At any time after the 6-year anniversary of the
issue date, upon 90 days’ notice, the Purchaser will have the option, at its election, to require the Company to redeem any or all
of the then-outstanding shares of Convertible Preferred Stock for cash consideration equal to the Liquidation Preference of the shares
of Convertible Preferred Stock to be redeemed, plus an amount equal to accumulated but unpaid dividends, if any, on such shares (whether
or not earned or declared, but excluding interest on such dividends) to, but excluding, the date fixed for such redemption. The Purchaser
will have the right to convert any shares of Convertible Preferred Stock prior to the date fixed for any such redemption.
Upon
the occurrence of a Change of Control of the Company (as defined in the articles supplementary that will establish the Convertible Preferred
Stock), the Purchaser will have the option to require the Company to immediately redeem all then-outstanding shares of Convertible
Preferred Stock for cash consideration equal to the Liquidation Preference thereof, plus an amount equal to all accumulated but unpaid
dividends thereon to, but excluding, the redemption date (whether or not earned or declared, but excluding interest). The Purchaser will
have the right to convert any shares of Convertible Preferred Stock prior to the date fixed for such Change of Control redemption.
Pursuant to the Purchase Agreement, the Purchaser
has agreed that, for a period of one year following the issuance of the Convertible Preferred Stock (the “Restriction Date”),
it will not, directly or indirectly, sell, pledge, transfer, dispose of, or enter into any swap or other arrangement that transfers any
of the economic consequences of ownership of the Convertible Preferred Stock or the shares of Common Stock into which it is convertible,
subject to exceptions for (i) redemption of Convertible Preferred Stock by the Company and (ii) the Purchaser’s exercise of its
conversion right. Following the Restriction Date, the Purchaser will be required to notify the Board of any transfer substantially concurrently
therewith.
Each holder of Convertible Preferred Stock will
be entitled to vote on an as-converted basis on each matter submitted to a vote of stockholders of the Company. In addition, for so long
as the Company is subject to the Investment Company Act of 1940, as amended (the “1940 Act”), the holders of Convertible Preferred
Stock, voting separately as a single class, shall have the right to elect two (2) members of the Board at all times (initially expected
to be James H. Kropp and Elizabeth J. Sandler), and the balance of the directors shall be elected by the holders of shares of Common
Stock and the Convertible Preferred Stock voting together; provided, however, if the Adviser is the Company’s investment adviser
and the Purchaser or its affiliates beneficially own greater than 50% of the outstanding Convertible Preferred Stock, the independent
directors of the Company selected by the Purchaser or its affiliates shall be eligible to serve as directors elected separately by the
holders of Convertible Preferred Stock.
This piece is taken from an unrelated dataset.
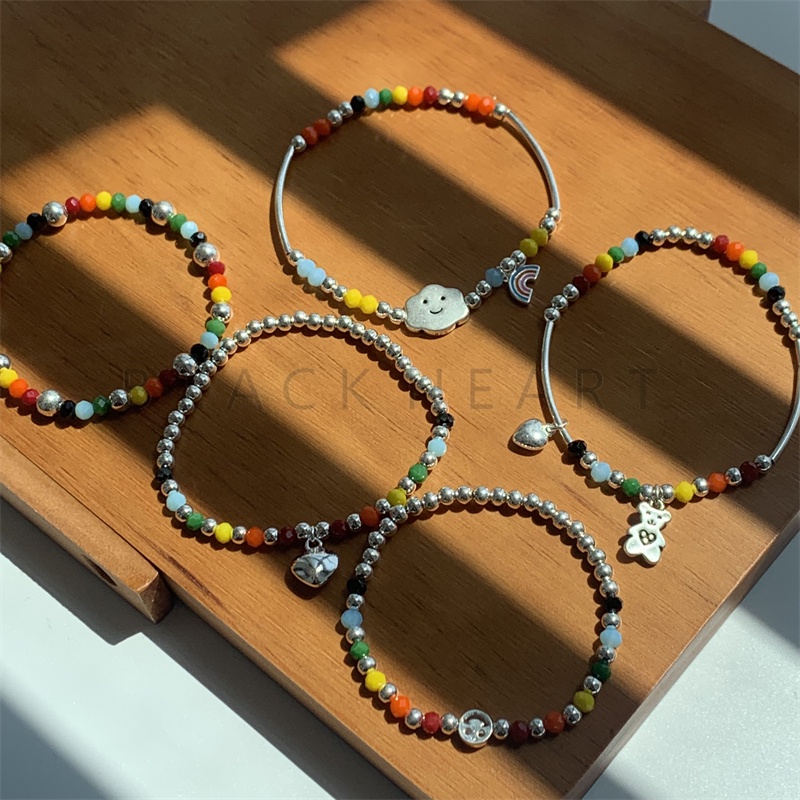 Vòng Đeo Tay Hình Trái Tim/Gấu/Mặt Cười Màu Sắc Xinh Xắn Thời Trang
If, at any time, accumulated dividends on the outstanding shares of Convertible Preferred Stock
equal to at least two full years’ dividends shall be due and unpaid, or if holders of any other preferred stock become entitled
to elect a majority of directors of the Company under the 1940 Act, then the number of directors constituting the Board shall automatically
increase by the smallest number that, when added to the two directors elected exclusively by holders of the Convertible Preferred Stock,
would constitute a majority of the Board. During any such period, the holders of the Convertible Preferred Stock and any other preferred
stock shall have the power to elect such additional directors, voting separately as a class.
“NYSE
Minimum Price” means the lower of (x) the official closing price of the shares of Common Stock on the New York Stock Exchange
(“NYSE”) immediately preceding the signing of the Purchase Agreement and (y) the average official closing price of the shares
of Common Stock on the NYSE for the five trading days immediately preceding the signing of the Purchase Agreement, in each case, as adjusted
pursuant to certain anti-dilution adjustments.
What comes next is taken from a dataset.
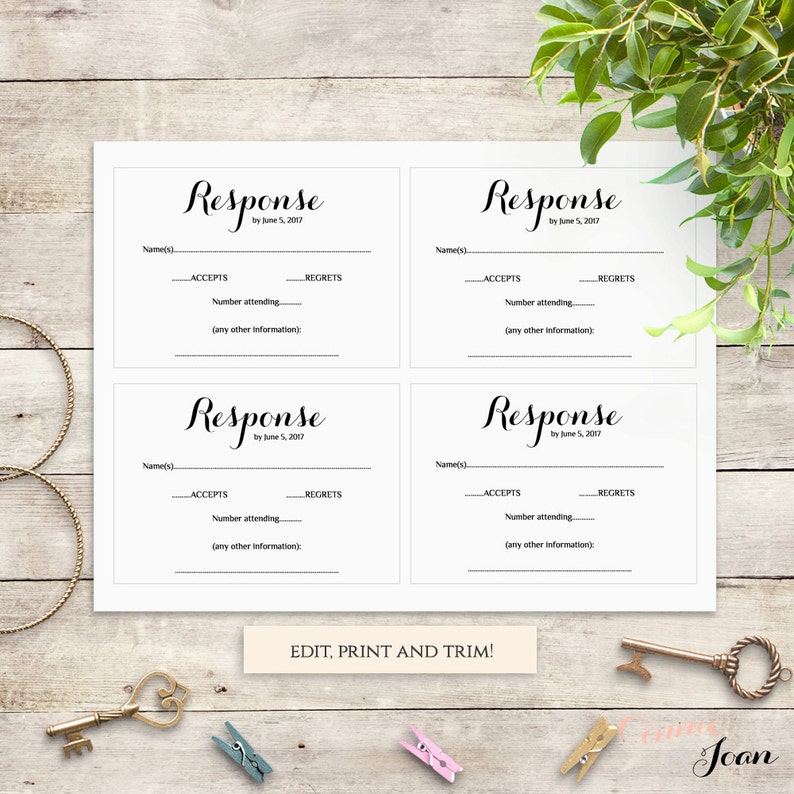 Rsvp Wedding Cards Free Template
The shares of Convertible Preferred Stock were
offered in reliance on Section 4(a)(2) of the Securities Act of 1933, as amended (the “Securities Act”). These securities
have not and will not be registered under the Securities Act or any state securities laws and, unless so registered, may not be offered
or sold in the United States except pursuant to an exemption from, or in a transaction not subject to, the registration requirements of
the Securities Act, as applicable.
Registration Rights Agreement
Concurrently with the issuance of the Convertible
Preferred Stock, the Company and the Purchaser expect to enter into a Registration Rights Agreement (the “Registration Rights Agreement”),
pursuant to which the Purchaser (and certain permitted transferees) will have the right to require the Company to register for resale
under the Securities Act shares of Common Stock issued upon conversion of the Convertible Preferred Stock and certain other shares of
Common Stock held by the Purchaser and its affiliates as of the closing date of the Convertible Preferred Stock offering (collectively,
the “Registrable Securities”). The Purchaser will have demand registration rights (not to exceed three Demand Requests (as
defined in the Registration Rights Agreement) in any 365-day period), customary piggyback registration rights in connection with Company-initiated
registrations, and the right to require the Company to use commercially reasonable efforts to maintain a continuously effective shelf
registration statement on Form N-2 covering the Registrable Securities from and after the Registration Date until the Purchaser has sold
all Registrable Securities. The Company Registration Rights Agreement will include customary indemnification and contribution provisions,
which survive termination of the Registration Rights Agreement.
The descriptions above are only summaries of the
material provisions of the Purchase Agreement and the Registration Rights Agreement and are qualified in their entirety by reference to
the copies of the Purchase Agreement and the form of Registration Rights Agreement, which are filed as Exhibit 10.1 and included in Exhibit
10.1, respectively, to this Current Report on Form 8-K and are incorporated herein by reference.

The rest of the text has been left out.